• [EXERCISE DESCRIPTION]:
Take the entries below and print, exactly, the stretch from the line containing "FREE GENERATION WHITE TOP WITH RED STRIPES - Picture" through the line containing "vidaXL Gartenstuhl mit", both included.

• [DATASET RECORDS]:
■ ■ ■ ■ ■
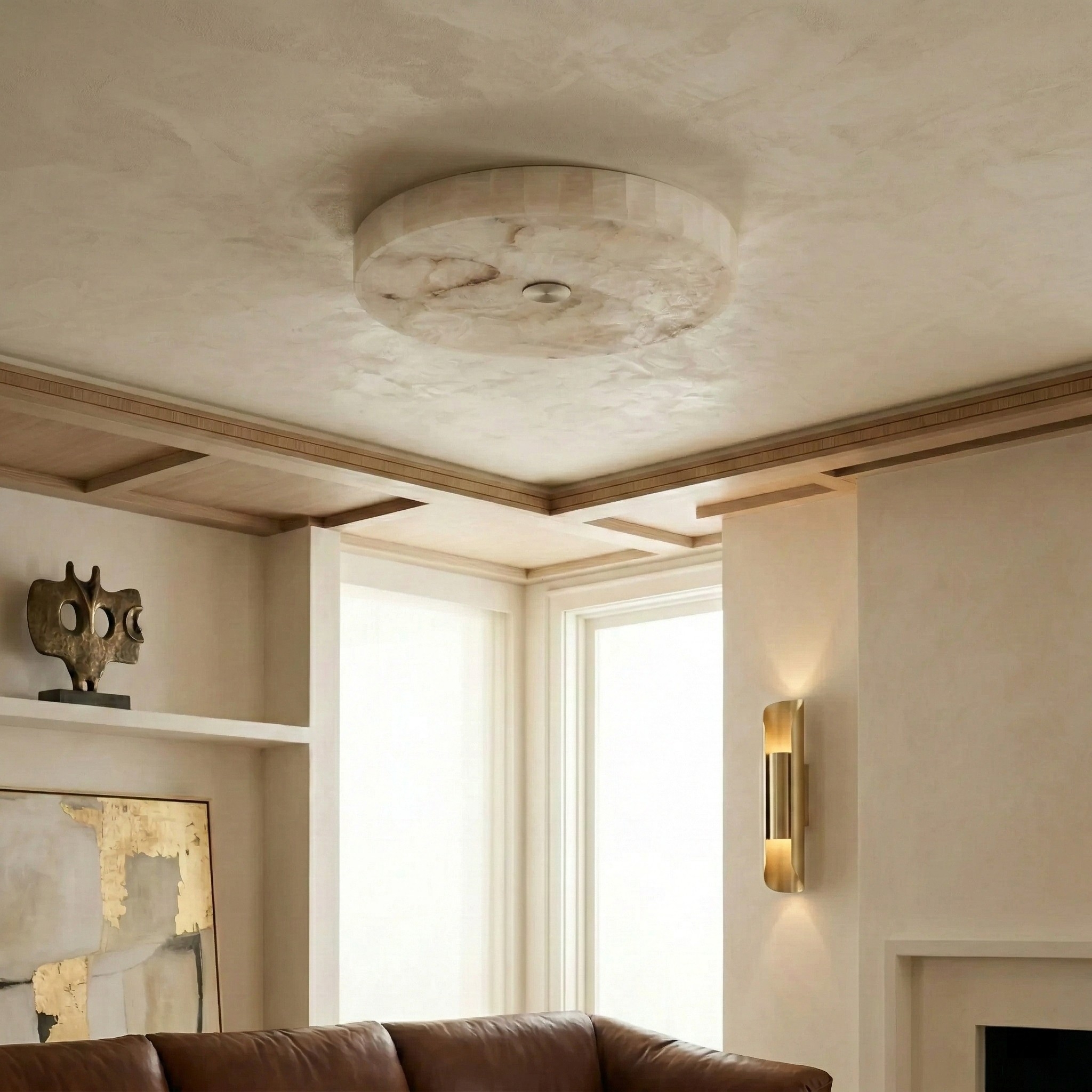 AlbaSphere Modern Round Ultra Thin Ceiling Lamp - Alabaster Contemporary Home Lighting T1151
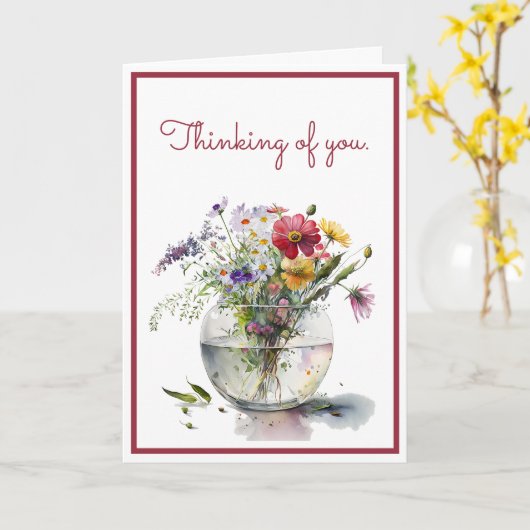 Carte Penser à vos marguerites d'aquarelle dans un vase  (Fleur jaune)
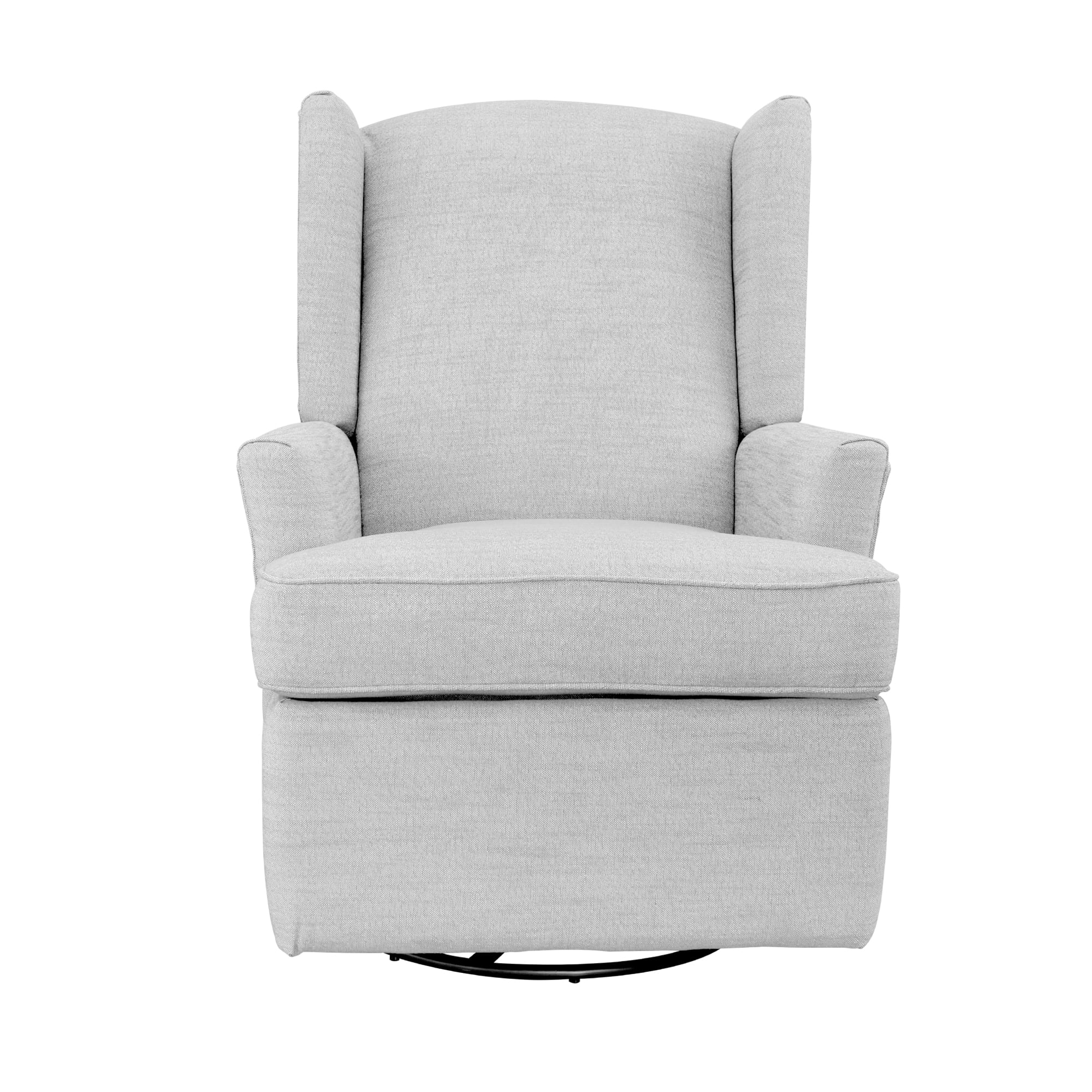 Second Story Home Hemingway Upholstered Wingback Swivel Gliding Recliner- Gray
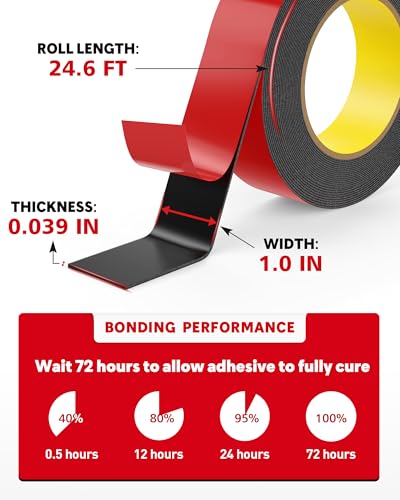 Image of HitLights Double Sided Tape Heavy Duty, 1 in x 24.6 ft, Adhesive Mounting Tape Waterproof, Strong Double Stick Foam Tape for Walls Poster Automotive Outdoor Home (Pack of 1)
■ ■ ■ ■ ■
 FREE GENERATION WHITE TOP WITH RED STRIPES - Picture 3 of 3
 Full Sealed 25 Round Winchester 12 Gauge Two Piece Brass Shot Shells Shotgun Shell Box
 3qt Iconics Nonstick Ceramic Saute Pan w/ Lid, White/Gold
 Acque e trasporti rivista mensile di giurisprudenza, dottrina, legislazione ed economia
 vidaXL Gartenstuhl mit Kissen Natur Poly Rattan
■ ■ ■ ■ ■
• [RESULT BELOW]:
 FREE GENERATION WHITE TOP WITH RED STRIPES - Picture 3 of 3
 Full Sealed 25 Round Winchester 12 Gauge Two Piece Brass Shot Shells Shotgun Shell Box
 3qt Iconics Nonstick Ceramic Saute Pan w/ Lid, White/Gold
 Acque e trasporti rivista mensile di giurisprudenza, dottrina, legislazione ed economia
 vidaXL Gartenstuhl mit Kissen Natur Poly Rattan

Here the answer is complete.